PROMPT: Could you reproduce, word for word, everything below from the line containing "Hey guys, here's" down to the line containing "We're also comparing", with both of those lines included and no others?

# # # # # # #

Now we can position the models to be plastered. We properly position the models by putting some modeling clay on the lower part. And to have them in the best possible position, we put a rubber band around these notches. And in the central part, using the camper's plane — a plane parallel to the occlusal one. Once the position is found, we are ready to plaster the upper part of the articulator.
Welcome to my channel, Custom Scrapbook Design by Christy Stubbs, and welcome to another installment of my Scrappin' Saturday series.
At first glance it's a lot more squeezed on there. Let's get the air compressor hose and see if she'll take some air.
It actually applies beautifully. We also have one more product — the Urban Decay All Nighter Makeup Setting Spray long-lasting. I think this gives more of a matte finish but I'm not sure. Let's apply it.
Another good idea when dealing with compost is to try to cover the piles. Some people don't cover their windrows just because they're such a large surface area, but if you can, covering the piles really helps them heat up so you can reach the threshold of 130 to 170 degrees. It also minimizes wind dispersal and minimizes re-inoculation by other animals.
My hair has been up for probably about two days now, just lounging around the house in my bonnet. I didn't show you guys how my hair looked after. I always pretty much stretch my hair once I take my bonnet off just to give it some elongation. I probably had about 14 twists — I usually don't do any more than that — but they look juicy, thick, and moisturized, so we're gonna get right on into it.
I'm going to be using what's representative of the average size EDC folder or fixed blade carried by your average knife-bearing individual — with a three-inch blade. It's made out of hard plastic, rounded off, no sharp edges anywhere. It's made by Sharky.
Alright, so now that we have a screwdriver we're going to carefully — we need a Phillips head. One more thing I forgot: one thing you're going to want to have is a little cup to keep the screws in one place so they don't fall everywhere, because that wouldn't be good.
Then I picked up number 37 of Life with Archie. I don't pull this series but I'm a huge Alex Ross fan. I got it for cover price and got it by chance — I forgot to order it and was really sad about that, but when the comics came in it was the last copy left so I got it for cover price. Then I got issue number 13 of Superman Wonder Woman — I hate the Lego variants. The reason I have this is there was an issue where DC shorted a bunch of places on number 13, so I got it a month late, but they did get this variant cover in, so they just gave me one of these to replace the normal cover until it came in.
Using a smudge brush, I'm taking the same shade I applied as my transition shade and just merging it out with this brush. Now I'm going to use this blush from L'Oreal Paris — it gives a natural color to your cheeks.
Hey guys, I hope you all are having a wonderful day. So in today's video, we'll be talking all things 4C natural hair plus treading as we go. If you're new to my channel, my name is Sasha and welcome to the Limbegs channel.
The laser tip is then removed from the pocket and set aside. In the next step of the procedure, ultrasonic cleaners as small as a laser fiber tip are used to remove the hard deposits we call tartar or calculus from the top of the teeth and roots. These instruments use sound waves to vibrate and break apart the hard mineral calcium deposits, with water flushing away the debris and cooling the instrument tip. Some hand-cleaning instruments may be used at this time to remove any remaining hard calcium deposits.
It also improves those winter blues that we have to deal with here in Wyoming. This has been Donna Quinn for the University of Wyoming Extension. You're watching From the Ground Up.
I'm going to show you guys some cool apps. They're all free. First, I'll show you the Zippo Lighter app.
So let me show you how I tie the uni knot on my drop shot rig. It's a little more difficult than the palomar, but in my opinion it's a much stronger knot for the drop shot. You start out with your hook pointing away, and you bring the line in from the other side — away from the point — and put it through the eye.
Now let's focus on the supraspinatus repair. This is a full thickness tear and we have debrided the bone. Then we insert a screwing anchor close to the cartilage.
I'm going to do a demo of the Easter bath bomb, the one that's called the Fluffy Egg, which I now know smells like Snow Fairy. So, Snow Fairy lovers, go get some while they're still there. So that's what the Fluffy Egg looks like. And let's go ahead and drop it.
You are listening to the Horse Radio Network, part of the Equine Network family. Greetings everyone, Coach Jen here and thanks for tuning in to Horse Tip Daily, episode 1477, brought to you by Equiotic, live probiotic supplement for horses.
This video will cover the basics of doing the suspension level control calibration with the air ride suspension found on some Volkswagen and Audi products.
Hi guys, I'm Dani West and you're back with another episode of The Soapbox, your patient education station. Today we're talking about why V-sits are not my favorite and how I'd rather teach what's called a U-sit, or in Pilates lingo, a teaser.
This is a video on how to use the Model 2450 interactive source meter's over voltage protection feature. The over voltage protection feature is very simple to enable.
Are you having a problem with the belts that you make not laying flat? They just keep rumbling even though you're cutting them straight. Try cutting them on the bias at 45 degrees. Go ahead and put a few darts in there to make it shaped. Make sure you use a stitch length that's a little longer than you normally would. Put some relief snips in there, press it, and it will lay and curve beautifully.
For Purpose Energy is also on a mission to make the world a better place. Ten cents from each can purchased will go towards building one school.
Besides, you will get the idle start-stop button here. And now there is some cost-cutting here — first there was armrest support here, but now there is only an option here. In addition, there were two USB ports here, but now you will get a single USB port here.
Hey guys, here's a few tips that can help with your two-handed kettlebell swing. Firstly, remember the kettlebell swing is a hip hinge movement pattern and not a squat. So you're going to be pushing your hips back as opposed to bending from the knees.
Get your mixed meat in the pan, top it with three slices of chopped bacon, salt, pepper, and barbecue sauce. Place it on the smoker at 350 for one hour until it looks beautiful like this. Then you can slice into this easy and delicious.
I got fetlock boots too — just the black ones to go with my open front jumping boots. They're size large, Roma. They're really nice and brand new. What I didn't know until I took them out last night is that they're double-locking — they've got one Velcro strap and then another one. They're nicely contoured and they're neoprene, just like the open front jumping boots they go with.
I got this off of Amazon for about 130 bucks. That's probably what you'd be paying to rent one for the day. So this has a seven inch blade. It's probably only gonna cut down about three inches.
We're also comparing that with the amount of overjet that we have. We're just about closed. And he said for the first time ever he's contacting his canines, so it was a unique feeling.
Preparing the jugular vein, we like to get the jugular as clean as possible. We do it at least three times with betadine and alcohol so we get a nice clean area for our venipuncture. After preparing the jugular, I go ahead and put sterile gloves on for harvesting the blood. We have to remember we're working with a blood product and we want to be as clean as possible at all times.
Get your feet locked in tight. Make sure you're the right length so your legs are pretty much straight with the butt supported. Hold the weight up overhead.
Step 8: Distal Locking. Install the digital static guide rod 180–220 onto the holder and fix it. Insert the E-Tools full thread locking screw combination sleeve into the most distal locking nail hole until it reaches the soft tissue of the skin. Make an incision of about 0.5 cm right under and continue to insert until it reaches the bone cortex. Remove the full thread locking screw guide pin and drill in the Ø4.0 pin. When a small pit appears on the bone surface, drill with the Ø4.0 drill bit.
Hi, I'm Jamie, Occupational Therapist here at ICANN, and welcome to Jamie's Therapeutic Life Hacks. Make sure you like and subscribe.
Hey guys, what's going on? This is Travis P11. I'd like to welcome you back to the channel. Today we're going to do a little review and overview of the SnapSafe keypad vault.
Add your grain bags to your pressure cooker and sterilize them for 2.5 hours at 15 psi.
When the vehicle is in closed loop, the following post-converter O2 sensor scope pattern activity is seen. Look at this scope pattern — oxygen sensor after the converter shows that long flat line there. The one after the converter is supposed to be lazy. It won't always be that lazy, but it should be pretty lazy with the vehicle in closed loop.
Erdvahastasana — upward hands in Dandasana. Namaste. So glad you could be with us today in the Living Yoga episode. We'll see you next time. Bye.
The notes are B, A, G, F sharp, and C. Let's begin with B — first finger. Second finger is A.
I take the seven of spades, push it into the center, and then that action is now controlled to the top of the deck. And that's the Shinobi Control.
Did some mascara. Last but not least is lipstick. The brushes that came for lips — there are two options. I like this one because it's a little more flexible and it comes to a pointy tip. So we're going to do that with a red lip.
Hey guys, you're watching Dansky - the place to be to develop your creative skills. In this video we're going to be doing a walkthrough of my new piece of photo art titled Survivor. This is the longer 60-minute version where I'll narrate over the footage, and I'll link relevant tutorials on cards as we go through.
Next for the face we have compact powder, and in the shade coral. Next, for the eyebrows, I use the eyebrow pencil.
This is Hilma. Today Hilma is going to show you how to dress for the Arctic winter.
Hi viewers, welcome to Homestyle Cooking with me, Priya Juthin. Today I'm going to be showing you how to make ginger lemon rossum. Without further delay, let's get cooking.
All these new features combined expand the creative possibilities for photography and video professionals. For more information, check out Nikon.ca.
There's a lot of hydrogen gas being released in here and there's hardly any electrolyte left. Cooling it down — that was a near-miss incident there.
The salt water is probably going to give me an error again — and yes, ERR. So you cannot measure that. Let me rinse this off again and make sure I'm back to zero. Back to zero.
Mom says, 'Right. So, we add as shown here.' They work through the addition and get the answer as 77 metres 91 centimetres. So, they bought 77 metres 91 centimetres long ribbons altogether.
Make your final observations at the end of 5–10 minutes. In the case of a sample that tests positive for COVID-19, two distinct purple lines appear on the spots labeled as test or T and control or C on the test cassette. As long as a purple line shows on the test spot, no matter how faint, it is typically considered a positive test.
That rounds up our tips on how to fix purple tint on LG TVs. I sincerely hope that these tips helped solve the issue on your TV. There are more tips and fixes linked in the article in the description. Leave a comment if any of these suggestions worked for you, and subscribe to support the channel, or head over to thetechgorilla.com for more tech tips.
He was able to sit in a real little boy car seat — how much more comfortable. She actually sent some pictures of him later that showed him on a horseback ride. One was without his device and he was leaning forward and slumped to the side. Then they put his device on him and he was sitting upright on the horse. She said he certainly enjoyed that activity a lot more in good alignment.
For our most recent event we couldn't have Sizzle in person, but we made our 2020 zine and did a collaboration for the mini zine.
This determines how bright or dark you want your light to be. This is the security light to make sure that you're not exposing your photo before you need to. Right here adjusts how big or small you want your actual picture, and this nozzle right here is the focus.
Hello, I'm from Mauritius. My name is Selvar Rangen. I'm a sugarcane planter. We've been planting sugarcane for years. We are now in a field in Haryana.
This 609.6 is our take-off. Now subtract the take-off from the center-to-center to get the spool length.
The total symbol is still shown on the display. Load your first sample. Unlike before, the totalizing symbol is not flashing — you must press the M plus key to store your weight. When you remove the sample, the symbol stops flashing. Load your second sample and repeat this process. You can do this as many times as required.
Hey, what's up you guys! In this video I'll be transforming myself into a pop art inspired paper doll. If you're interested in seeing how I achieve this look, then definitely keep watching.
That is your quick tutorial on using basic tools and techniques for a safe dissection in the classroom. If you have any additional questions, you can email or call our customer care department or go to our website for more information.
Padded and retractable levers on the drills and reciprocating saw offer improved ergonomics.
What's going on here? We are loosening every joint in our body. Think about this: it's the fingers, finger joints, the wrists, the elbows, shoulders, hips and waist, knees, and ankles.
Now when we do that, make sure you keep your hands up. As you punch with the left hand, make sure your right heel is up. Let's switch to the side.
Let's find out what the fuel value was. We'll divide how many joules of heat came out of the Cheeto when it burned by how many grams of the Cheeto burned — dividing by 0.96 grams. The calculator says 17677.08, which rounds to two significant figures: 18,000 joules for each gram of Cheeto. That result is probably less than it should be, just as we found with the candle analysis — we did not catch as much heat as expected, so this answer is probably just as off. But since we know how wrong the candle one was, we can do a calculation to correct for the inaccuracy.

# # # # # # #

WRITTEN ANSWER:
Hey guys, here's a few tips that can help with your two-handed kettlebell swing. Firstly, remember the kettlebell swing is a hip hinge movement pattern and not a squat. So you're going to be pushing your hips back as opposed to bending from the knees.
Get your mixed meat in the pan, top it with three slices of chopped bacon, salt, pepper, and barbecue sauce. Place it on the smoker at 350 for one hour until it looks beautiful like this. Then you can slice into this easy and delicious.
I got fetlock boots too — just the black ones to go with my open front jumping boots. They're size large, Roma. They're really nice and brand new. What I didn't know until I took them out last night is that they're double-locking — they've got one Velcro strap and then another one. They're nicely contoured and they're neoprene, just like the open front jumping boots they go with.
I got this off of Amazon for about 130 bucks. That's probably what you'd be paying to rent one for the day. So this has a seven inch blade. It's probably only gonna cut down about three inches.
We're also comparing that with the amount of overjet that we have. We're just about closed. And he said for the first time ever he's contacting his canines, so it was a unique feeling.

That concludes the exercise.